Non si tratta solo di un problema sanitario, ma di una questione di diritti umani. L’Onu ha stabilito l’obiettivo di eliminare questa pratica entro il 2030, ma la strada è ancora lunga. In Europa, si stima che oltre 600.000 donne siano portatrici di MGF e 190.000 siano a rischio. La disinformazione, l’assenza di interventi strutturati e lo stigma sociale rendono difficile il contrasto efficace del fenomeno.
L’Italia e la lotta ancora insufficiente
In Italia la legge 7/2006 vieta le mutilazioni genitali femminili e prevede misure di prevenzione e assistenza. Tuttavia, mancano dati aggiornati sull’efficacia degli interventi. L’ultimo monitoraggio ufficiale risale al 2019, mentre l’esito del bando per una nuova mappatura del fenomeno, indetto nel 2023 dal Dipartimento Pari Opportunità, non è ancora stato reso noto.
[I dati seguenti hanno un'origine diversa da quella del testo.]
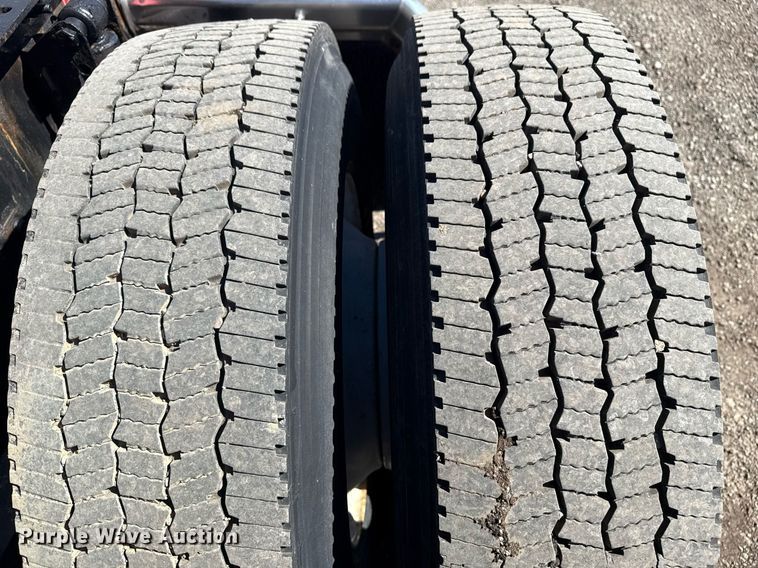 image for item EG2576 2013 Volvo Truck VNL semi truck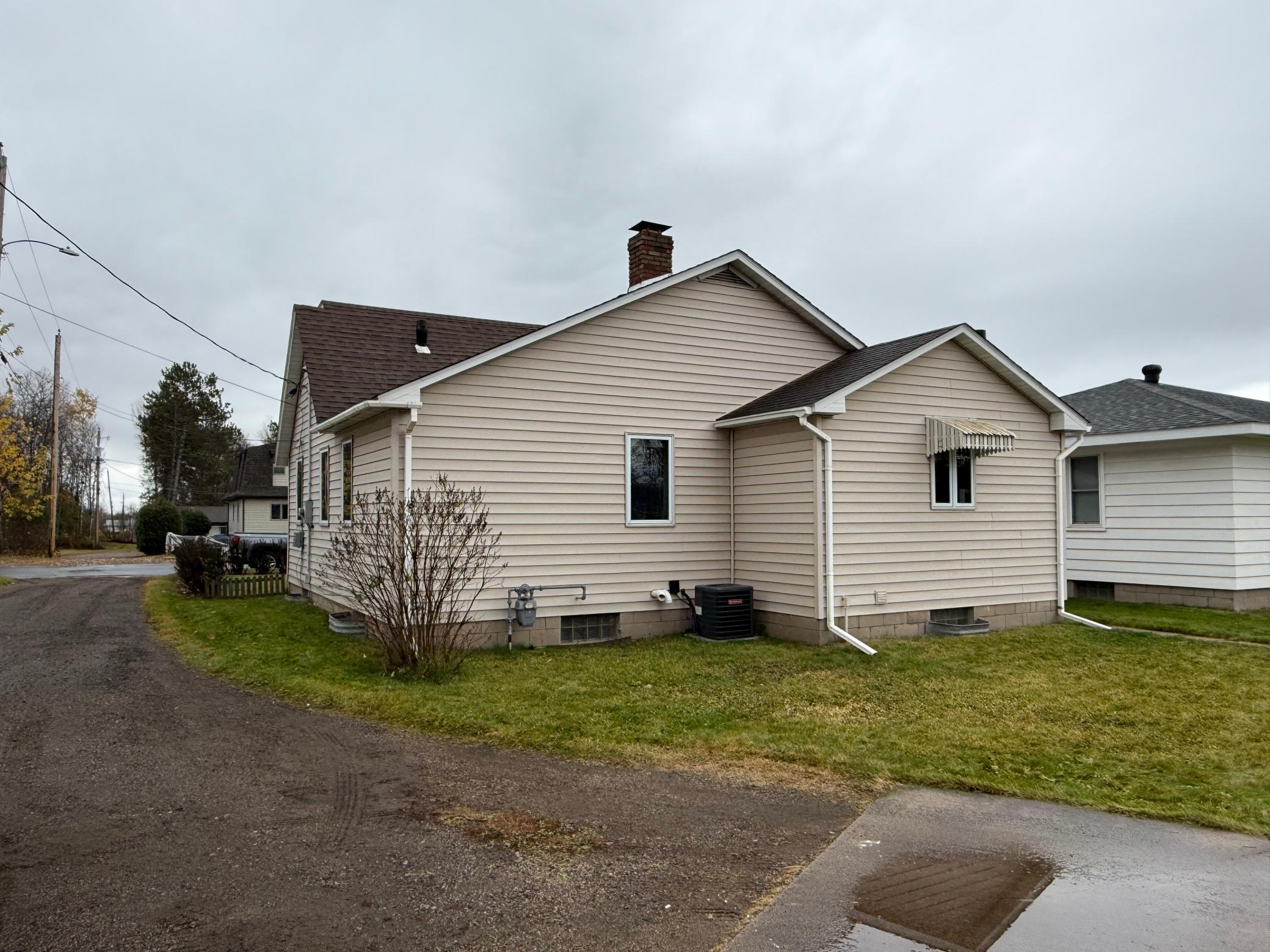3725 Mayfair Avenue Hibbing, MN 55746 - Photo 47 of 50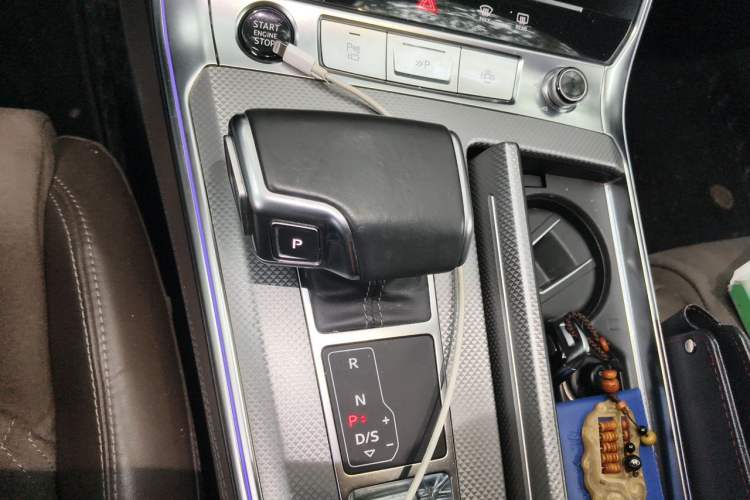 Used Audi A7L 2022 45 TFSI quattro S-line Wind Rider Gear Lever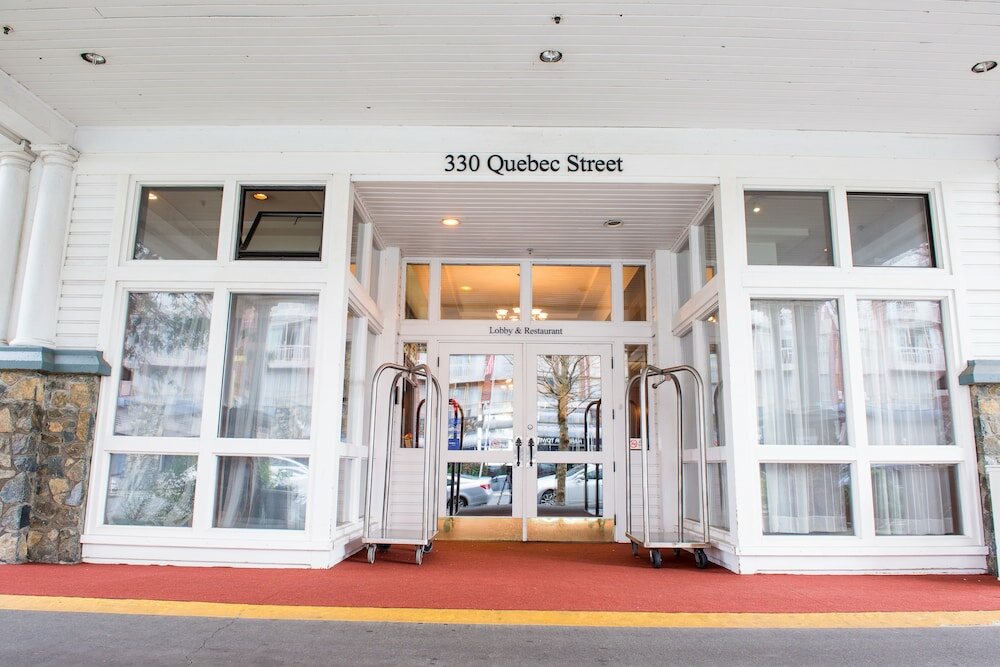 Фото Huntingdon Manor Hotel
ActionAid chiede un’applicazione più incisiva della legge, un’integrazione delle MGF nei Livelli Essenziali di Assistenza (LEA) e una presenza costante di mediatrici culturali nei servizi sanitari e sociali. Un altro problema è la difficoltà di accesso ai servizi sanitari per le donne che hanno subito mutilazioni: molte evitano di rivolgersi ai consultori per paura di essere giudicate, altre non sanno che esistono cure per alleviare le conseguenze della pratica.
Il dialogo come strumento di cambiamento
Per spezzare il ciclo della violenza, serve un lavoro di sensibilizzazione profondo. Le community trainer, figure chiave nel contrasto alle MGF, lavorano nelle comunità a rischio per far emergere una consapevolezza diversa. “Non bisogna dire ‘siete cattive madri’, bisogna far comprendere che la violenza non è tradizione” spiega Edna Moallin Abdirahman, attivista e mediatore culturale. La lotta contro le MGF non si vince con la stigmatizzazione, ma con l’educazione e l’empowerment delle donne, perché quando una generazione decide di interrompere questa pratica, le generazioni future ne saranno libere.
Le storie di chi è riuscito a dire “basta” dimostrano che cambiare è possibile. Ma servono azioni concrete, strumenti efficaci e soprattutto volontà politica. Perché le mutilazioni genitali femminili non sono un problema di culture lontane, ma una ferita che attraversa il mondo intero.